• **What needs to be done**
Once the line containing "Luke™ | Knit Polo Shirt" is found in the data below, repeat it and every later line exactly, leaving the pictures out.

#####

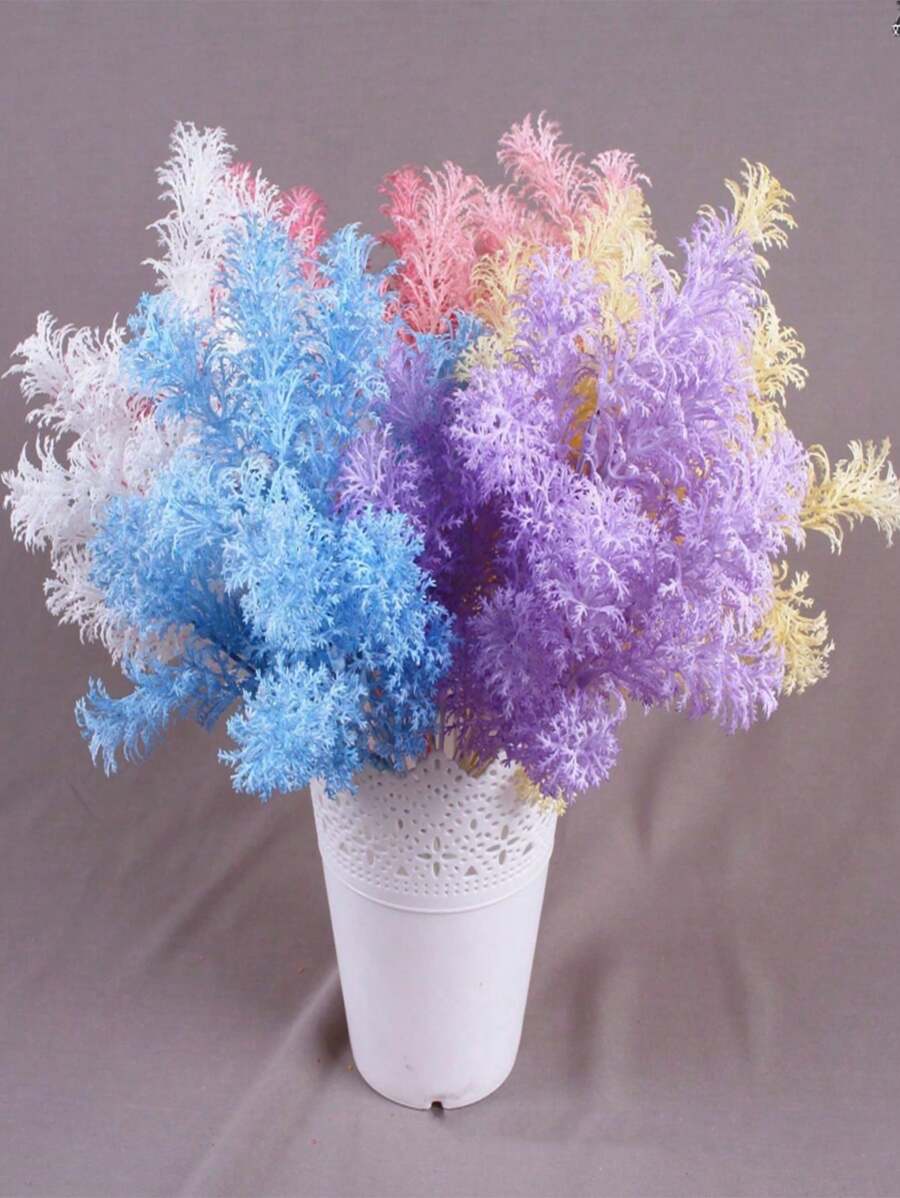 1 Stück künstliche nebliges Blume, frostiges Gras Hochzeitsdekoration künstliche Blumen Heimdekoration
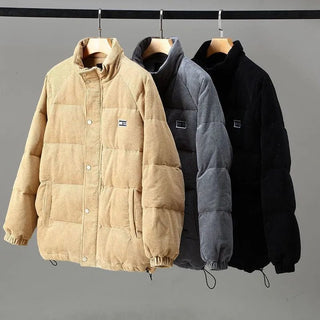 Herren-Steppwinterjacke | Lang
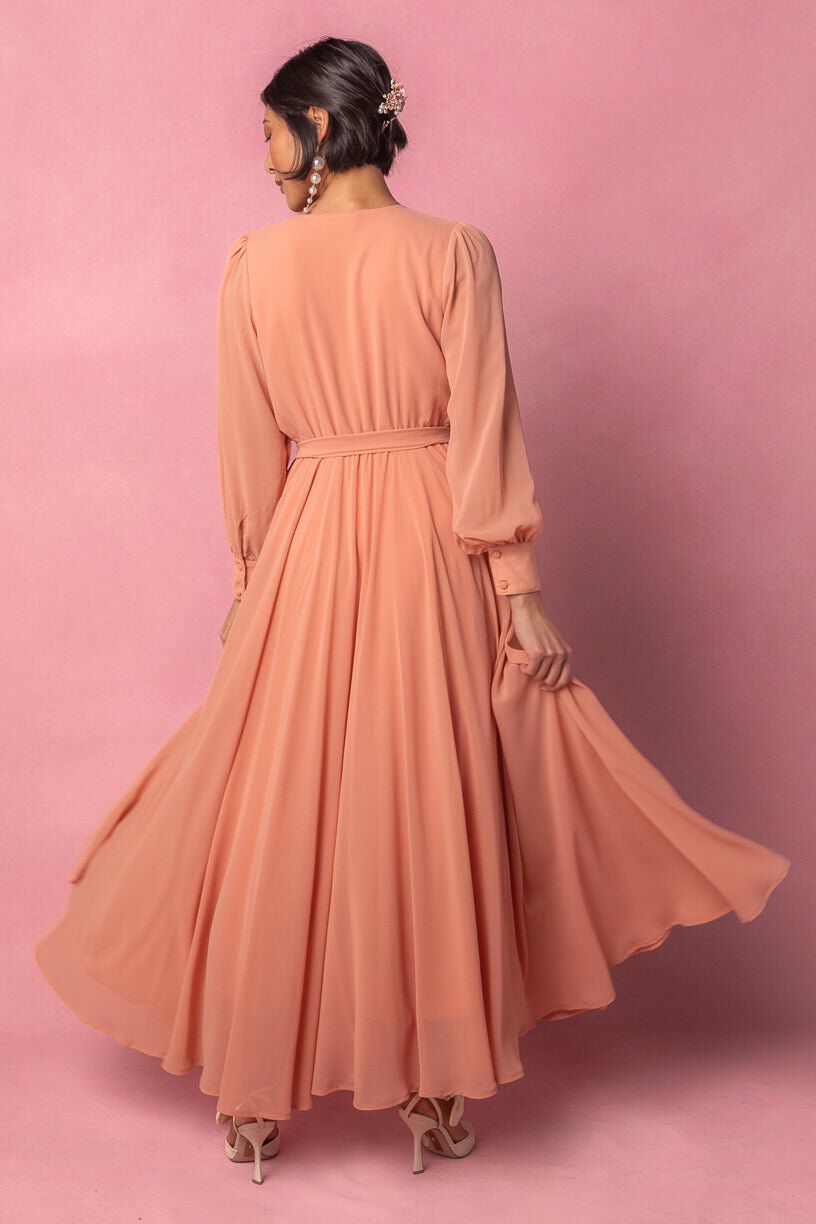 Andie Dress, Apricot Crush / Peach, alternate image number 1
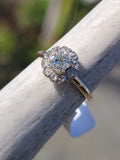 10k gold old mine cut diamond antique engagement wedding ring - apx .69ct tw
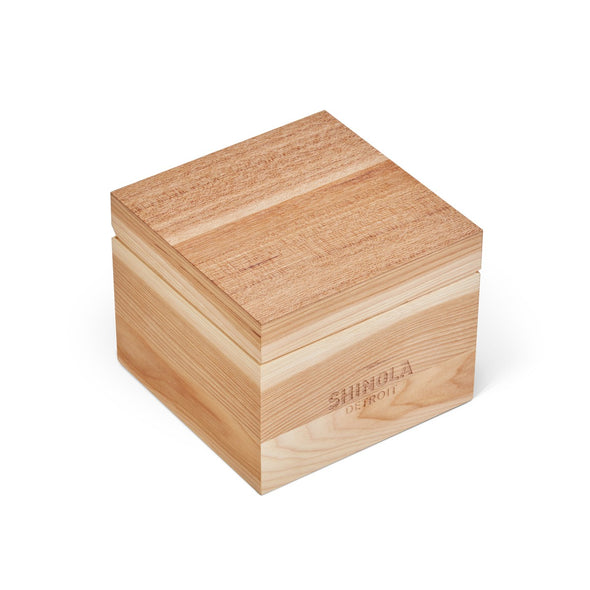 Emory Goizueta Shinola Watch, The Runwell 47 mm White Dial Shot #3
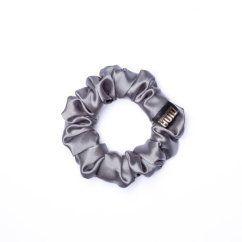 Satin hair scrunchie GREY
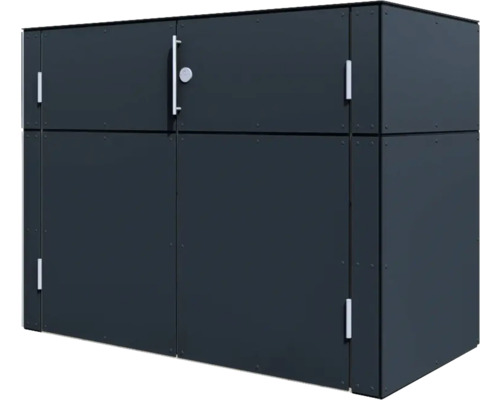 Sivý box na smetiaky pre tri smetiaky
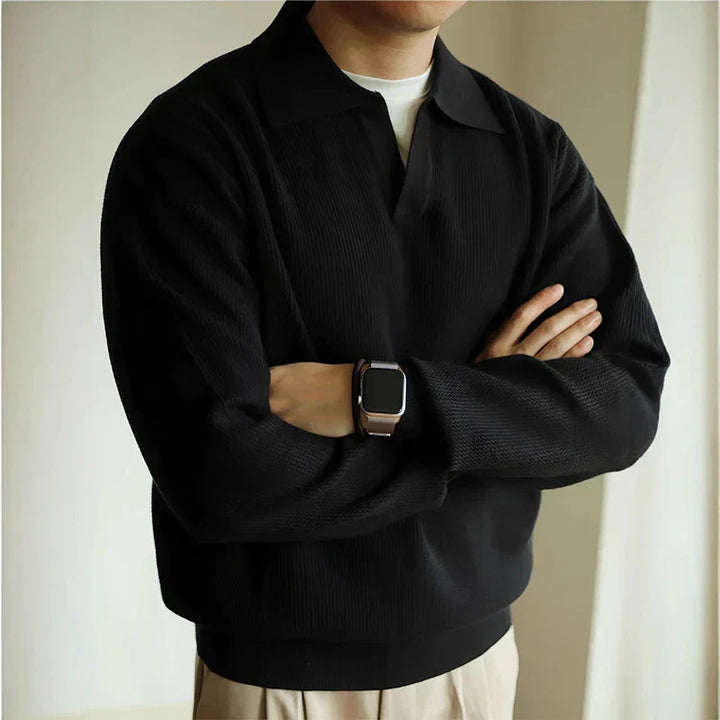 Luke™ | Knit Polo Shirt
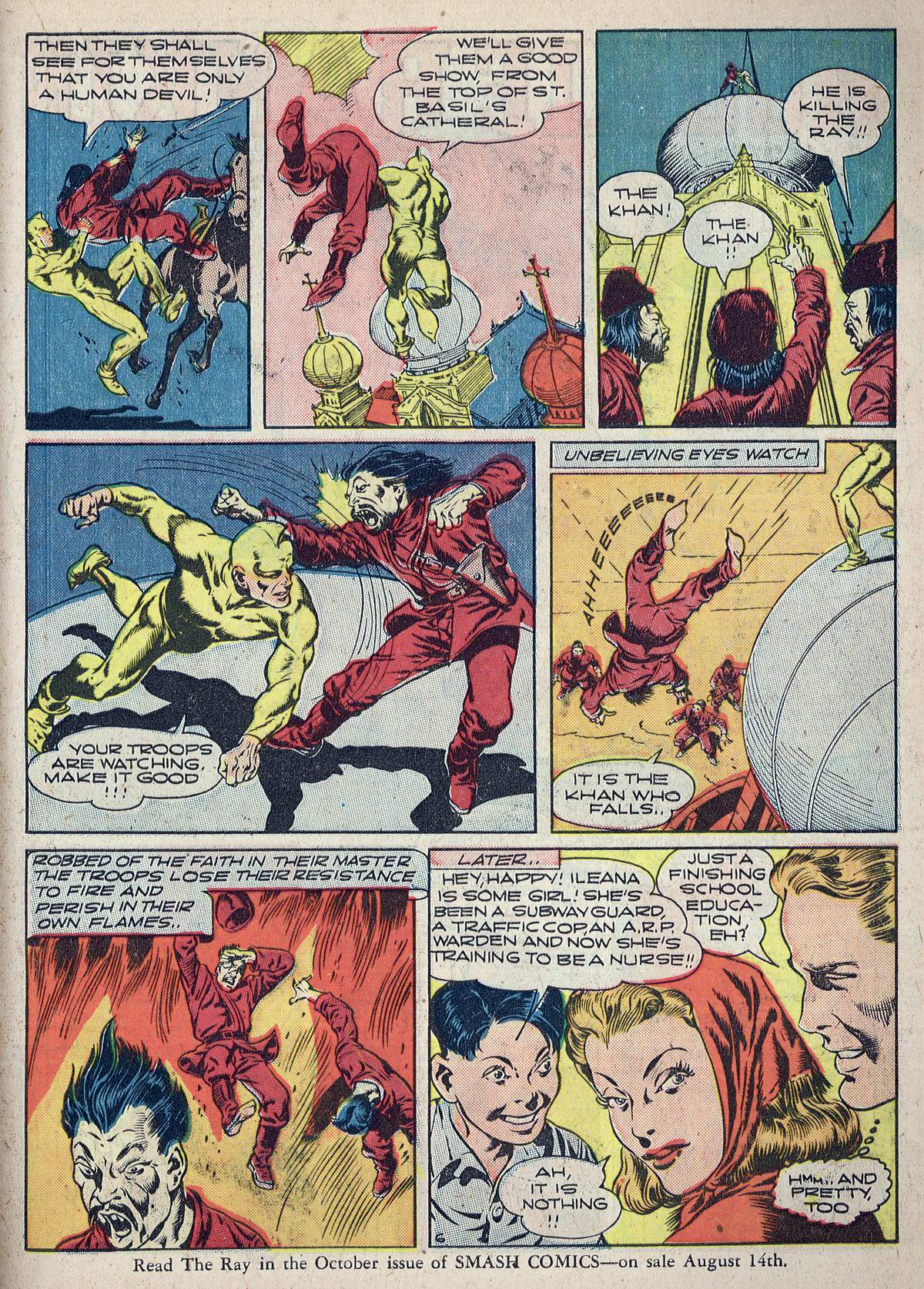 Read online Smash Comics comic -  Issue #35 - 39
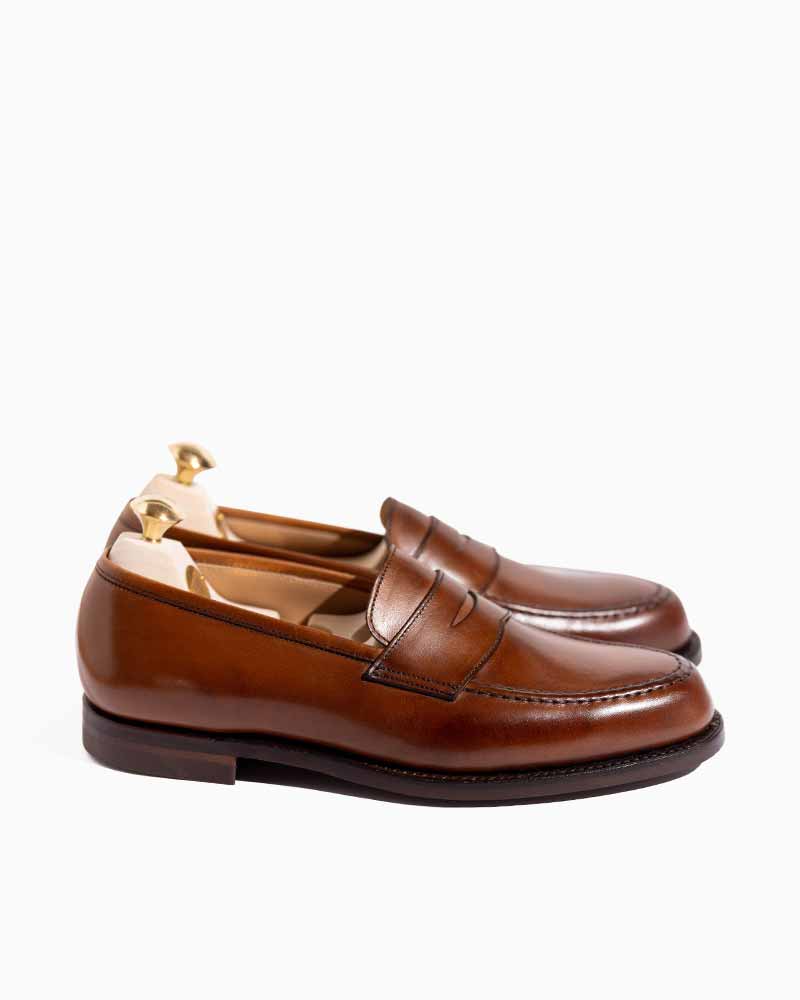 TAN BURNISHED CALF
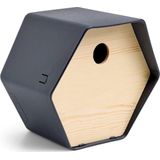 Capi Europe - Vogelhuisje rond Hive - 19x23x20 - Antraciet - Capi Biodiversity Hive - AHBIA001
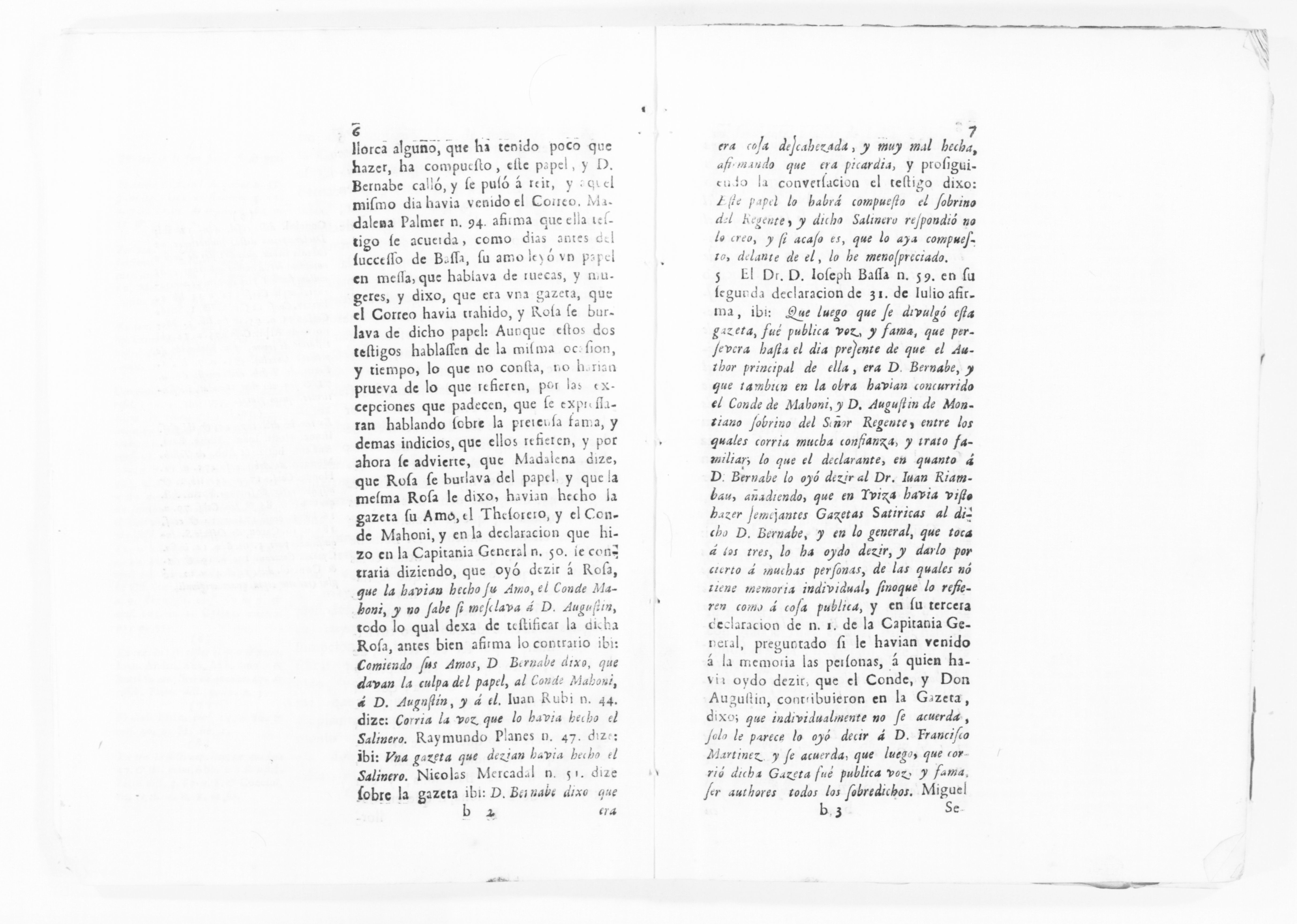 Scanned image of the current content page
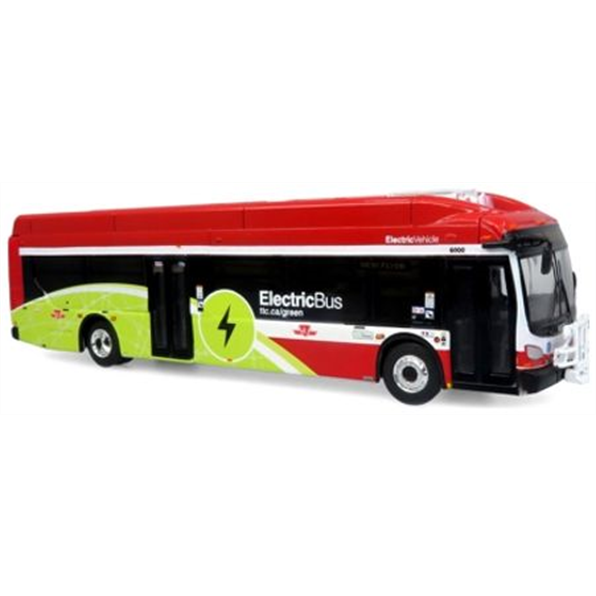 Iconic Replicas 1:87 Scale NFI Xcelsior Charge NG Electric Transit Bus TTC - Toronto Transit Commission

#####

• **Answer**
 Luke™ | Knit Polo Shirt
 Read online Smash Comics comic -  Issue #35 - 39
 TAN BURNISHED CALF
 Capi Europe - Vogelhuisje rond Hive - 19x23x20 - Antraciet - Capi Biodiversity Hive - AHBIA001
 Scanned image of the current content page
 Iconic Replicas 1:87 Scale NFI Xcelsior Charge NG Electric Transit Bus TTC - Toronto Transit Commission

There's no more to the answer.